#### [Collected material]
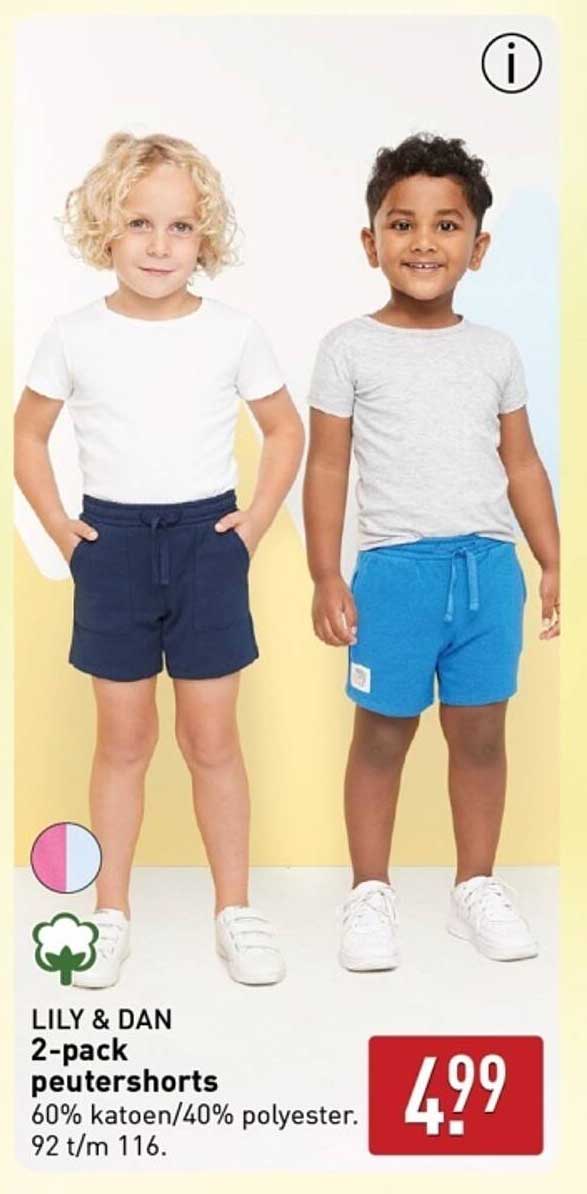 LILY & DAN 2-pack peutershorts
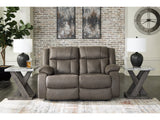 First Base Gunmetal Reclining Loveseat - Ornate Home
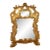 Hollywood Regency 1960s-70s Large Giltwood Ornate Wall Mirror For Sale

#### [Your instructions]
Please repeat the listing precisely, excluding the pictures it contains.

#### [Output of the exercise]
 LILY & DAN 2-pack peutershorts
 First Base Gunmetal Reclining Loveseat - Ornate Home
 Hollywood Regency 1960s-70s Large Giltwood Ornate Wall Mirror For Sale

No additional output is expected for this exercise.